Saved entries:
================

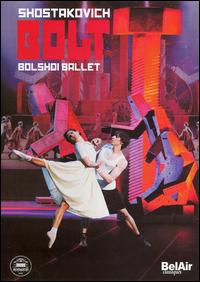 Cover for San Francisco Symphony · Bolt (DVD) (2007)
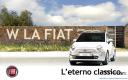 W la fiat 500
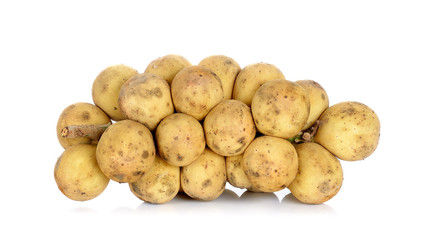 Wollongong isolated on the white background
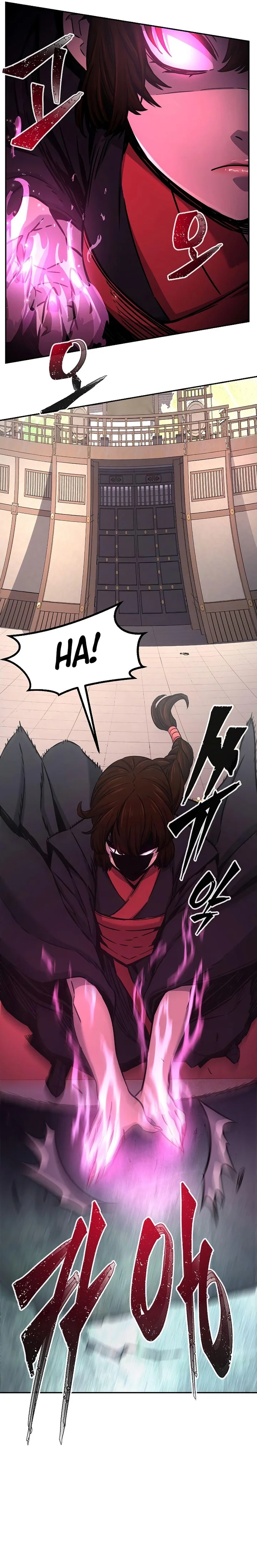 Read Absolute Sword Sense PT Manga Online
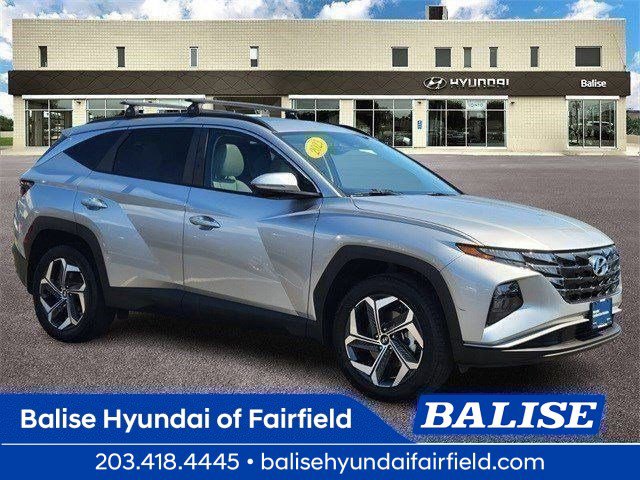 Certified 2023 Hyundai Tucson SEL w/ Convenience Package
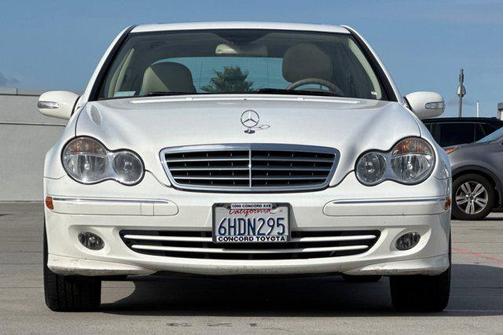 2006 Mercedes-Benz C-Class Luxury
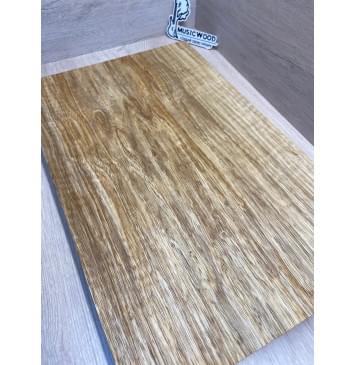 Корина Белая (Лимба-Офрам) Волнистая заготовка корпуса Тангент ААА Волна ААА 49х340х535 мм, Массив,624 кг/м3 (Уценка-червоточины) Корина Белая (Лимба-Офрам) Волнистая заготовка корпуса Тангент ААА Волна ААА 49х340х535 мм, Массив,624 кг/м3 (Уценка-червоточины)-20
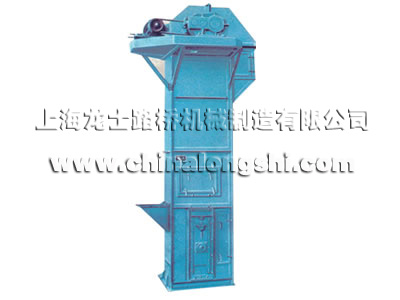 上海龍士路橋HL型斗式提升機(jī)價格產(chǎn)品圖片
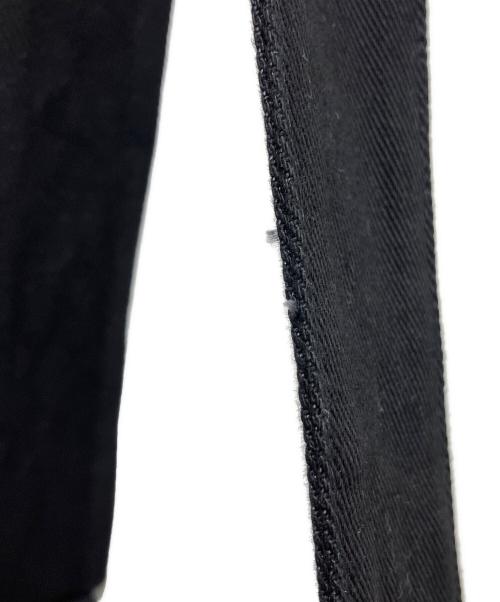 OUR LEGACY（アワーレガシー）OUR LEGACY (アワーレガシー) SLING BAG ブラック サイズ:実寸サイズ参照の古着・服飾アイテム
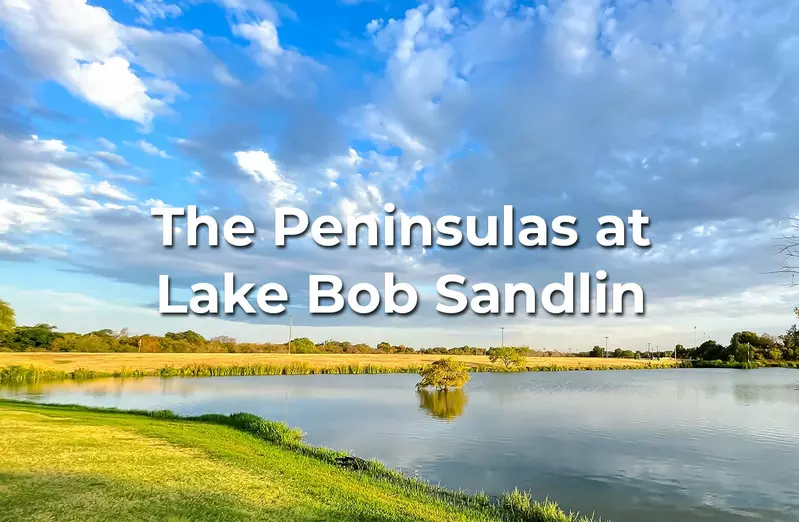 The Peninsulas at Lake Bob Sandlin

================

When you copy the data, keep every line exact and leave out each picture.

 Cover for San Francisco Symphony · Bolt (DVD) (2007)
 W la fiat 500
 Wollongong isolated on the white background
 Read Absolute Sword Sense PT Manga Online
 Certified 2023 Hyundai Tucson SEL w/ Convenience Package
 2006 Mercedes-Benz C-Class Luxury
 Корина Белая (Лимба-Офрам) Волнистая заготовка корпуса Тангент ААА Волна ААА 49х340х535 мм, Массив,624 кг/м3 (Уценка-червоточины) Корина Белая (Лимба-Офрам) Волнистая заготовка корпуса Тангент ААА Волна ААА 49х340х535 мм, Массив,624 кг/м3 (Уценка-червоточины)-20
 上海龍士路橋HL型斗式提升機(jī)價格產(chǎn)品圖片
 OUR LEGACY（アワーレガシー）OUR LEGACY (アワーレガシー) SLING BAG ブラック サイズ:実寸サイズ参照の古着・服飾アイテム
 The Peninsulas at Lake Bob Sandlin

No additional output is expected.